Earlier this week on
Hardball (the transcript is sucky but no matter) Carol Moseley Braun named Kieth Jarrett and John Coltrane --in that order!!--as her favorite musicians. Coltrane of course is the safe choice. It's like saying you love music, like picking Wizard of Oz as your favorite movie says you like watching movies, or naming Abraham Lincoln as your favorite president--uh, whatever--Carol's a Democrat and don't you forget it. More on Trane in a moment.
The politics of Jarrett stand out for a number of reasons. I'm not going to touch the issue of the man's time or whether he can (he can of course), should or ought to swing, and how to define what constitutes swinging in the first place, and for the moment I'll skirt around his place in *the* tradition and just assume that he belongs, though the full depth of his belonging isn't realized simply in his own playing, imo, but in those he's influenced to varoius degrees.
First and foremost Jarrett stands for freedom. After that there's courage and the overcoming of obstacles and doing what it is you have to do to realize yourself fully. The path of exile is not chosen lightly, as if it were just any route among many on the way to being beautiful. The way to the beautiful, in music as in politics, is seldom straight and clear and broad. Too, one discerns a tragic element in the consciousness of the expatriot, a cruel twist of fate that is perhaps all the more cruel for being an enduring historical subtext of America's music. Ah, but things do change, faster than you can say
plus ça change, plus c'est pareil. People change. Now and then they come home, if they ever really left. Perhaps its just a matter of rediscovering one's center, or allowing others to find it, or just being in circumstances that reveal one's center of gravity, and if that means coming back to ECM instead of Blue Note or Impulse, more power to you. Welcome home, Kieth Jarrett, pianist nonpariel.

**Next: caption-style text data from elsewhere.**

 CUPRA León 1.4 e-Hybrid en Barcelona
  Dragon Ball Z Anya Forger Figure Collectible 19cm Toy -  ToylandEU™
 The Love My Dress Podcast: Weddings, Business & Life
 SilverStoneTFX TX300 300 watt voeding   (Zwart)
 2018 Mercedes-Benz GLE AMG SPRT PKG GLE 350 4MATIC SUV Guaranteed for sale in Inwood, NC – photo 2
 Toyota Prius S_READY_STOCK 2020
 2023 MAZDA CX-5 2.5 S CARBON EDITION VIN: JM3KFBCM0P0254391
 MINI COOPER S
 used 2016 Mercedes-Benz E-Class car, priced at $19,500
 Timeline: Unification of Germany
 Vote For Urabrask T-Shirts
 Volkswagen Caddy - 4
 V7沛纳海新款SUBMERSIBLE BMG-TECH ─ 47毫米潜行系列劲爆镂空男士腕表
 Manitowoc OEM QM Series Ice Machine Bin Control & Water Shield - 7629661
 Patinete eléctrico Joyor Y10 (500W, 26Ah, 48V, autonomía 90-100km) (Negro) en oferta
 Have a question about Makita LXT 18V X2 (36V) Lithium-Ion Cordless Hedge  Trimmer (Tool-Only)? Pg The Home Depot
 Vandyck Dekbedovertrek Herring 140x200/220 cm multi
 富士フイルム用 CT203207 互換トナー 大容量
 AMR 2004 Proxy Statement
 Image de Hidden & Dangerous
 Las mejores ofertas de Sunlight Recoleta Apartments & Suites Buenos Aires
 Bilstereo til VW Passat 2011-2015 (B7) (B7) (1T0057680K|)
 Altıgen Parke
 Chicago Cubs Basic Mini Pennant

I'm Roger Rosenblatt--just kidding. :-)
Speaking of rapid changes, that would be Coltrane, what are known as "Coltrane changes" as laid out in "Giant Steps." Nowadays every horn player and his kid brother blows Coltrane changes wherever and whenever. A blues? Coltrane changes. A' of 32 bar ballad? Coltrane changes. Forget the channel? Coltrane changes. Freeform lament? Coltrane changes. The ironic thing is almost nobody plays "Giant Steps," or rather, almost nobody can play the changes on "Giant Steps." Two things invariably happen: (1) they go through the head and then cut the tempo, in which case they might as well be playing "Central Park West"; (2) they blow the changes (meaning they ignore the changes and just blow). We might give Kenny Garrett a pass on the latter, because his understanding of tonality derives from
A Love Supreme, and is therefore spiritually Coltrane and musically *a* version of Coltrane, but it is not "Giant Steps," the manifesto of Coltrane changes, and as much as I dig Moffett and the rest of Garrett's rhythm players, fact is they blow the changes.
You see Coltrane is not such a simple choice, musically or poltically. Which Coltrane do you mean? Most commentators have found the classic quartet to be the musical, spiritual, political apotheosis of Coltrane's expression. And who in their right mind would argue against
A Love Supreme? Nobody. It has to be there as the bedrock of what you mean when you say John Coltrane is your favorite musician. Politically, it's about pluralism, about perseverence, freedom, empowerment, working well with others, it's about wisdom and knowing how to apply it to the challenges of the moment, it's about knowing when to mourn and when to exult, not letting yourself forget how to feel or express your feelings, or why that matters.
Coltrane, then, is an excellent choice for Braun or any Democrat. Braun, however, at this stage of her campaign, needs something a little different, something with more forward momentum, more urgency, more audacity, something more primal and intellectual at once. That something is embodied in "Giant Steps," the little ditty that chews up just about any rhtyhm player that touches it. Even Tommy Flannagan, the first pianist who saw it, said he thought it was supposed to be like a ballad tempo. It threw him, just like it throws everybody else.
The only pianist I've heard who both played the tune and owned it is Gonzalo Rubalcaba. More of that exile business, and a difficult musician by any measure (Kucitizens ought to check out his version of "Imagine"--WOW). Geri Allen I believe has the left hand for it, but her thing is her own music, and that's got to be respected. Jacky Terrasson I would love to hear attempt it, because of his unorthodox time, but I have doubts as to whether he'd pull it off. (Just read a review of fellow Parisian Jean-Michel Pilc's performance of a "Giant Steps"/"Mission Impossible" medley--cute, you know. He did "Giant Steps" on his
Welcome Home cd, I'll have to check it out.) I wouldn't think of downplaying cats like Mulgrew Miller who play it competently, no small achievement that, but my heart aches for something more. I'm holding out for excellence.
Patricia Ireland this week joined the Braun campaign, replacing Kevin Lampe as the campaign director. Ireland does not strike me as either a Love Supreme or Köln Concert kind of campaigner, not that she wouldn't be down with that musically, but I'm hoping for something more propulsive. Is she up to "Giant Steps"? She better be.